O'Dowd's descriptions were briefly interrupted whenever we spotted bandicoots scooting across the ground. (The small marsupials resemble hunched rats with long noses.] But soon we arrived in the denser part of the forest, and our attention again turned to insects.

He showed us a "stick insect," whose eggs have a unique setting for development: Because the eggs resemble seeds preferred by a certain kind of ant, the ants carry them into their colony, where the temperature is perfect for a "high-security incubation chamber." Then, O'Dowd explained, "what emerges from that egg eventually is indistinguishable from an adult ant.... The baby stick insect even releases the same identification pheromones as the adult ant."

Later, it climbs up the tree, sheds its skin, and finally starts to look like a stick insect. "Pretty amazing life cycle, isn't it?" he said, with the same enthusiasm he must have exhibited as a child when he spent his free time "turning over rocks."

I was in front on our next stretch of walking, and something whizzed by my head.

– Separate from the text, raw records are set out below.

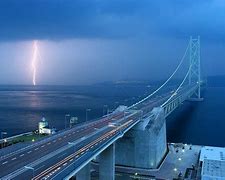 Image result for The Kerch Strait Bridge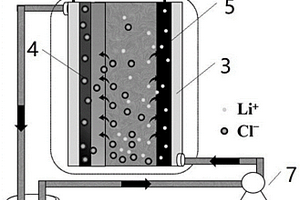 λ-MnO2纳米棒电极、制备方法及其在卤水中提取锂的应用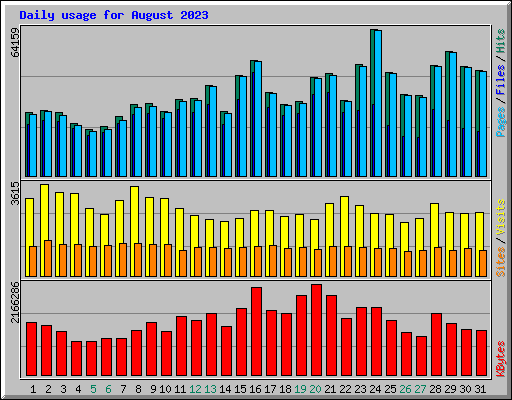 Daily usage for August 2023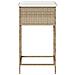 Sgabelli da Bar con Cuscini 2 pz Beige in Polyrattan - Foto miniatura 5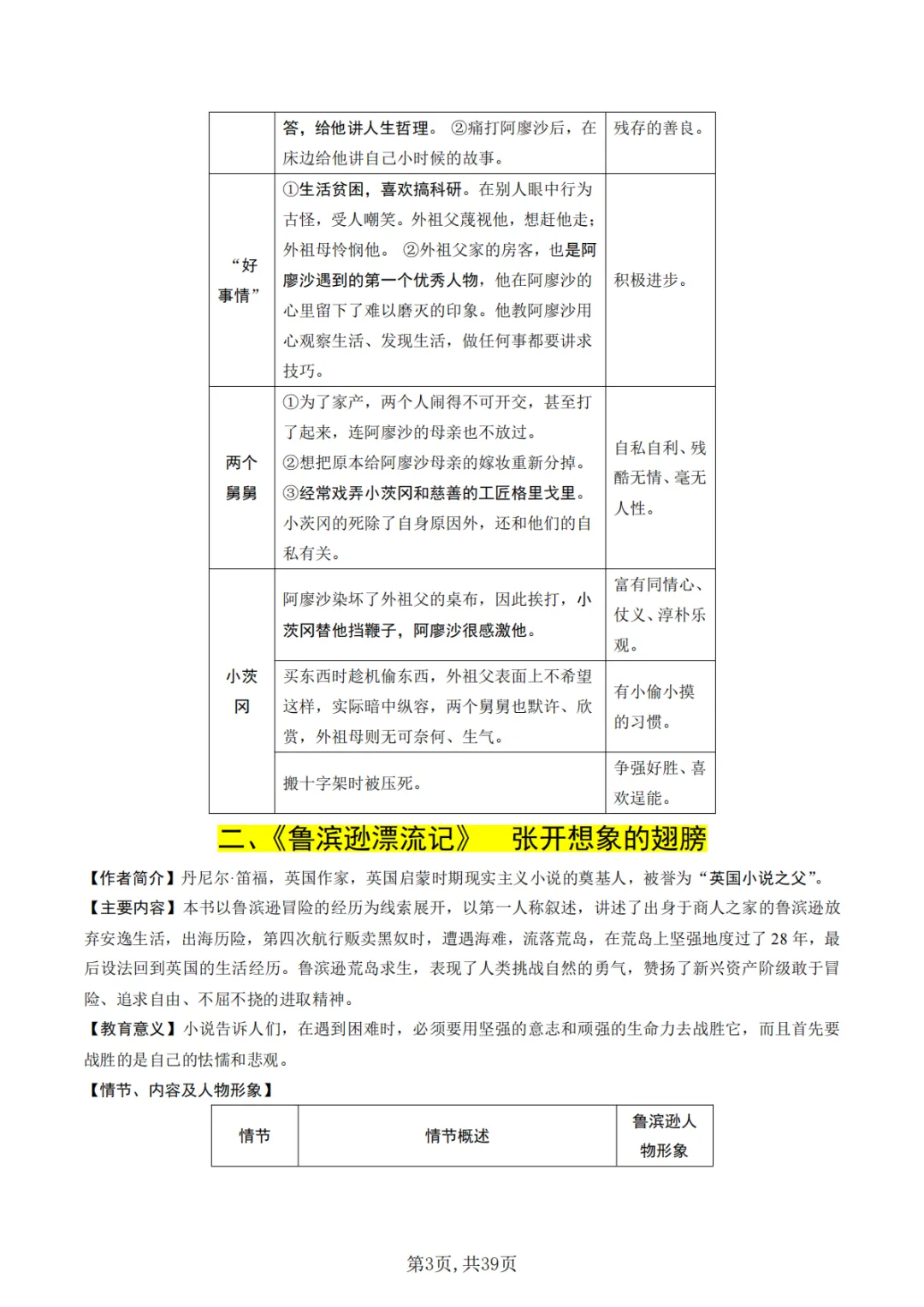 醒一醒!开学啦!上海中考中刺开学大礼包,帮你赢在起跑线! 第13张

Puzzled, I asked if there were big moths in the forest. O'Dowd replied casually that the UFO had been a horseshoe bat. Knowing I wasn't in any danger didn't stop me from yelping and jumping to the middle of the line when I had another close encounter with flapping wings.

We had seen a tree frog, but not many other animals, when all of a sudden, O'Dowd was hushing us and backing away from a tree where a bird was perched, asleep. He didn't know that as he spoke, half of us were watching another bird, directly above his head. And then, exactly what he was trying to avoid with the first bird happened to the second: It woke up, and began flying blindly. He pointed his light up into the trees to help the bird see, and a moment later was relieved to see it land safely. "That is what I call prime bird real estate.... They select perches that come equipped with alarm systems ... a little tiny stick that pokes out into the middle of nowhere. If anything tried to move along that perch, it would shake it and wake the bird."

One of the world's oldest forests, the Daintree has been around for about 120 million years. And it is so rich in species that longtime residents like O'Dowd continue to make new discoveries. On this particular night, a tourist pointed out a luminescent creature, and O'Dowd reacted with awe.

"This is the biggest glowworm that I've ever seen, ever," he said, holding it gently. He asked us all to turn off our lights.

My hand was invisible half an inch from my face. But as our eyes adjusted, we could see the soft glow of the baby firefly (that's what a glowworm is, he explained). And all around us, we could see fungi dotting the ground like tiny, pale-green embers.

It was the looking-down version of the brilliant star view I had had the night before, standing in a field as far away from light pollution as I have ever been.